The best thing about this episode is that it clearly lays out just who everyone in the think tank is and how important Will is to them. He's the guy who holds them together, the glue that keeps them functional, and without him, they have a lot more trouble deciding whether or not the terrorist needs to die (I'm not even going to try to spell the terrorist's name). Beard Guy becomes Miles, a man who nearly crumbles under the weight of responsibility. Quirky Brunette becomes Tanya, a woman who likes to have a few drinks but is clearly not certain of where the line is. Grant, we knew already. These scenes are genius because they suggest the human toll without coming right out and saying what it is. The three agonize over their decision, and when Will comes back, he's able to just say, "Yeah, you guys made a good call, and we'll know if your decision to kill that guy resulted in success or not in a while." It's a wonderful way to show how the people at Will's level and above are capable of compartmentalizing and just how alien that can seem.
What I love about this episode is the texture of it. It feels, for lack of a better word, lived in. Grant tries to rub a stain off of his shirt when he goes to drop off the report. Tanya and Single Mom have a run-in in the bathroom that feels like an actual conversation between coworkers and not strained exposition. Will's boss (whose name is TRUXTON SPANGLER, good Lord) can't read his cell phone readout because his eyes are failing him. Will spends his morning making himself breakfast, then looks at a woman who stands across the alley in her apartment and smiles at him. Katherine unpacks a box of her dead husband's effects and loses her cool when she sees all of the blood. And when she begins her first significant investigations into his death, prompted by a cell phone message she wasn't meant to hear, she gets her first lead from a Chinese restaurant takeout menu.

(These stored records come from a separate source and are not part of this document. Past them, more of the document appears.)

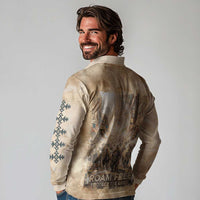 Buffalo Skull Long Sleeve Polo Shirt Feathers Tribal Map and Historical Indigenous Native American Heritage Bison - Wonder Print Shop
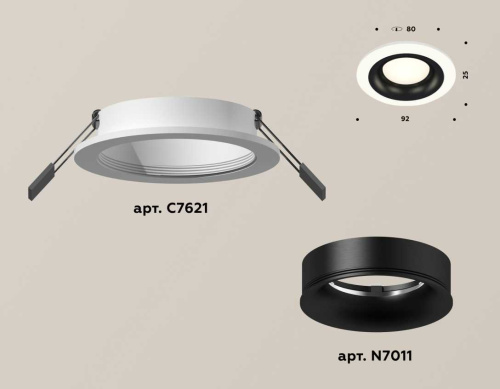 Комплект встраиваемого светильника Ambrella light Techno Spot XC7621002 SWH/PBK белый песок/черный полированный (C7621, N7011) фото 2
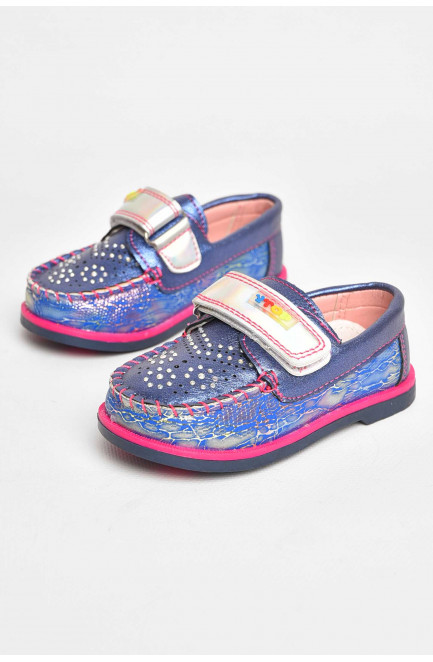 Мокасины детские для девочки темно-синего цвета 209381L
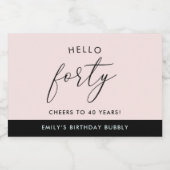 Modern Boho Blush Persoonlijk 40e verjaardag Sparkling Wijnetiket (Enkel label)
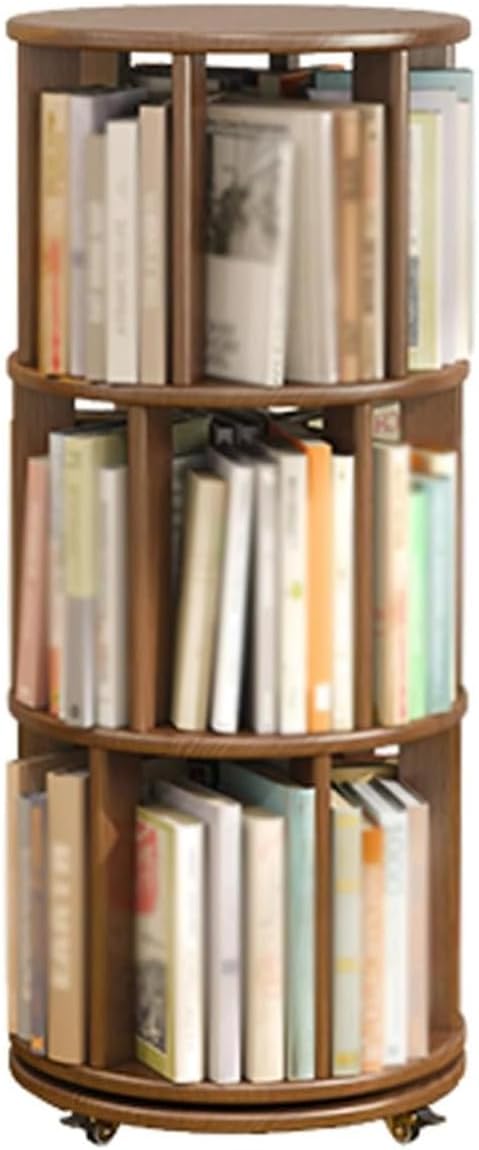 CUPKEE Rotating Bookshelf with Swivel Wheels, Solid Wood Revolving Bookcase Tower-360° Display, Modern Mobile Tall Bookcase Shelf for Home Living Room,D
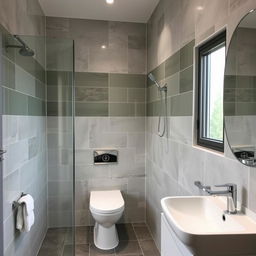 A square shower room with a toilet, window, and sink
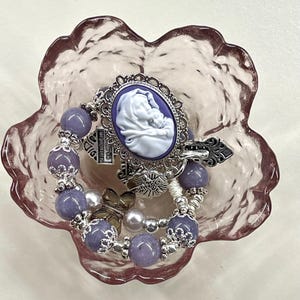 Rosary Dish, pink rosary bowl, glass floral bowl, Catholic rosary holder, Catholic gift mom, Catholic teen, Catholic decor, Catholic gift
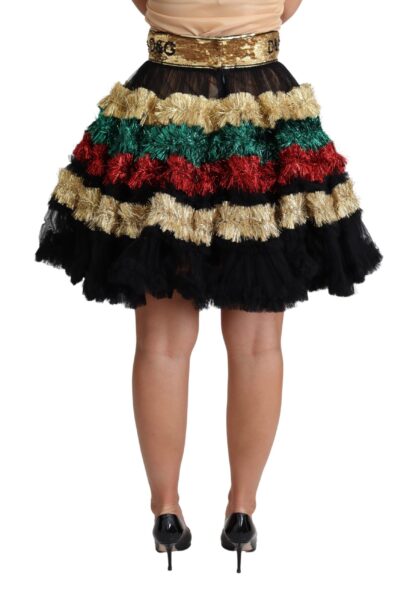 Dolce & Gabbana - Multicolor Sequined Tulle Ruffled Skirt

None of these are huge, significant moments. None of them are big revelations. They're just the sorts of little character moments you might expect people living in this world, living this life, to have. The problem with so many conspiracy stories is that it eventually comes to seem as though the entirety of the world is wrapped up in an impossible conspiracy and everybody is in on it. For all I know, Will's across-the-alley neighbor will eventually become a part of the main storyline, but in this episode, she's just a friendly face he sees every morning, a person that he doesn't know, but knows all the same. "The Outsider" is great at capturing these little moments, these places where the giant, inhuman machines that these people live and work in give way to little moments of connection that fade almost as quickly as they spark.
As much as I liked everything at the office, though, I was even more enamored with what happened down in Washington. Sure, Will gave a list of the names from David's code to a colleague and found out that they had all worked in the same Middle East office back in the 1980s,but the conspiracy stuff took a back seat to Truxton and Will trying to butter up various Washingtonians, all the better to keep the government from poking around in the think tank's business. Truxton has been your basic, shadowy figure on the show up until this point, but this episode did a good job of humanizing the guy. He has a daughter and a son. He has father issues. He gives a great speech to the men he and Will meet with about a tie. He may be a member of an elaborate, shadowy conspiracy to undermine the U.S. government (or whatever the conspiracy's ultimate aims and Truxton's ultimate allegiances end up being), but he's also a man, a man whose eyes sometimes fail him and who's capable of saying just the right thing at just the right time.
Meanwhile, Katherine is beginning to figure out that her husband's death wasn't a simple suicide, thanks to a cell phone message she hears where a man named James tells Tom that if he keeps doing what he's doing, he knows what's going to happen. Miranda Richardson spends most of the episode wordless, wandering her giant house and trying to put the pieces together. Somehow, it's the best the series has used her so far, and when she goes to that Chinese restaurant to begin unraveling some of these pieces all by herself, it feels like a significant moment for the show, like things are going to start coming back together and start doing so quickly. (Another moment like this is when Miles hands Will the photo of the man from the list of names, and Will is surprised to find that the man is in New York.)
There are times early in a show's development when it becomes crystal clear to both the show's staff and the people watching it that the show is not really focusing on the right things. I don't begrudge Rubicon the conspiracy stuff, since I suspect that's what got the show sold in the first place, but it's clear that what Brommell and company are more comfortable writing – and what makes the show more interesting when they do – is this stuff about who these people are when they're not in the midst of a giant, global conspiracy to turn the world over to a group of shadowy elites. The central question of Rubicon so far has been a little muddled. The central question of "The Outsider," and the one I hope the show embraces going forward, is "Just who are these people we entrust with our safety?" That suggests to me an immensely more compelling show.
Stray observations:
- One moment I could have done without: Tanya looking out the window at the little line of schoolchildren. A bit too over-obvious.
- On the other hand, I loved when Grant said, immediately preceding this, that he was just trying to find a way to make it easier to kill these people. That seems the central question of American foreign policy for the last ten years, and the show found a way to put it in words simply and handily.
- Truxton's obsession with the right briefcase was just another nice little humanizing moment for him. I hope he doesn't turn out to be a bad guy. I kinda like him.